18 Feb 2011

Former engineer testifies at Tonga's Ashika trial

4:09 pm on 18 February 2011

A former marine engineer, Mosese Fakatou, who inspected Tonga's inter-island ferry just hours before it sank, has been giving evidence at the trial of four men facing charges over the tragedy.

The Princess Ashika sank on August the 5th in 2009, claiming 74 lives.

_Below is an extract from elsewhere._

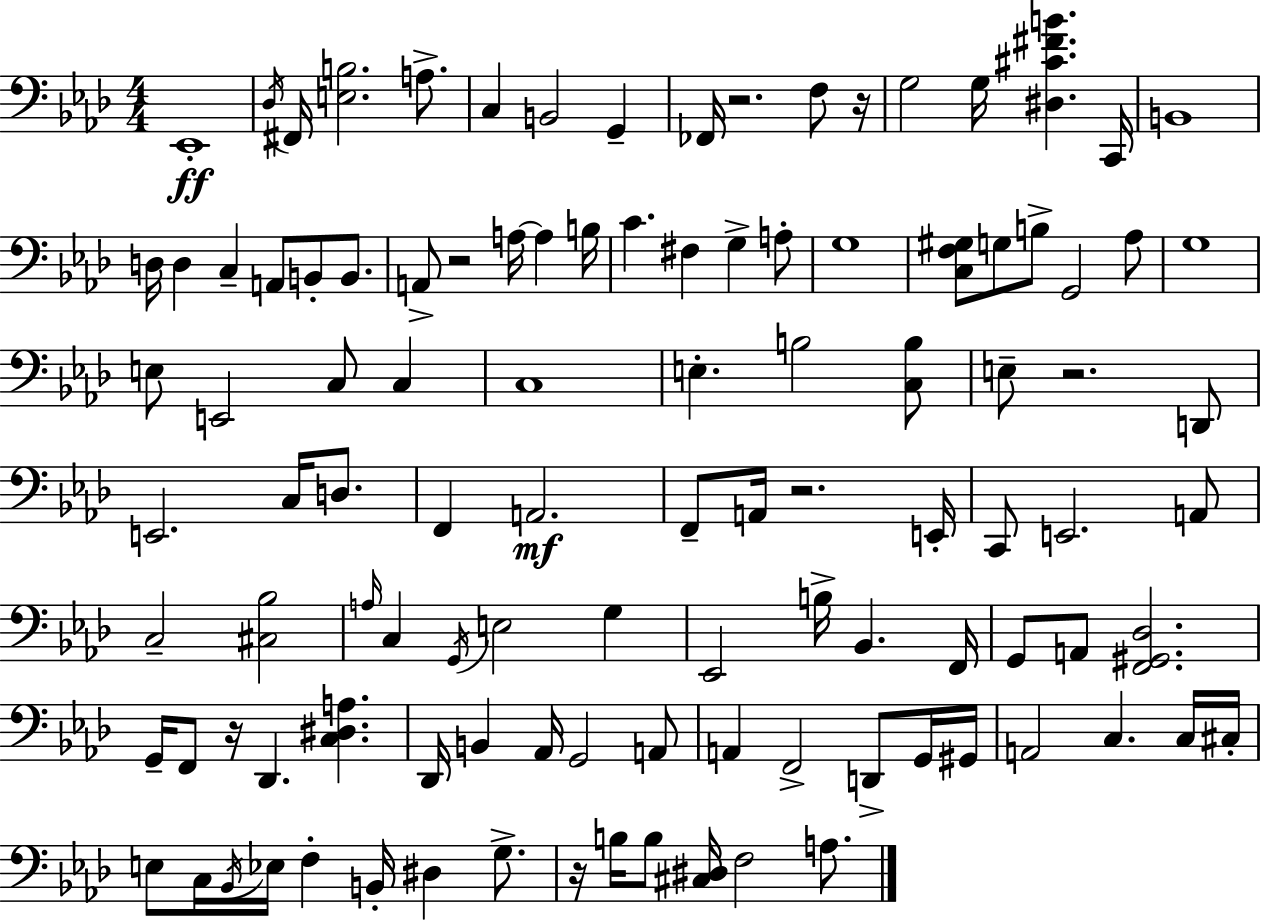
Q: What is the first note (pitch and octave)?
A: Eb2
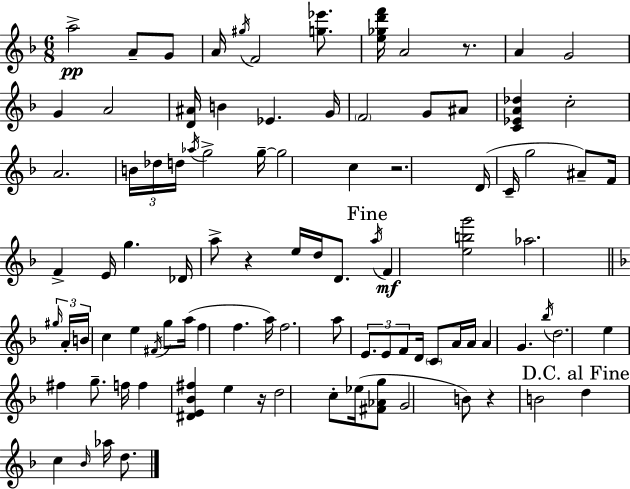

Mr Fakatou told the court he was asked by Bridge Marine Insurance to survey the vessel in early August.

Falemaka Fihaki reports:

"The main areas Mosese Fakatou inspected were the cargo hold and the passenger area of the vessel. Mr Fakatou, using photographs, pointed out to the court rust corrosion and holes in numerous parts of the vessel. Some holes had been patched using concrete in what Mr Fakatou says should have been temporary measures. The ramps on the stern and bow had holes and gaps that could take in water while sailing. A photograph was shown of the hatch of the ship's void space which is responsible for keeping the vessel afloat. Mr Fakatou said if the void space took in water it could result in the sinking of the ship. The hatch had no hinges to fasten it and keep it shut which means water could enter. He also emphasised the fact that the vessel was not built for the open sea with the absence of non return valves to let out sea and rain water while keeping water from coming back in the vessel."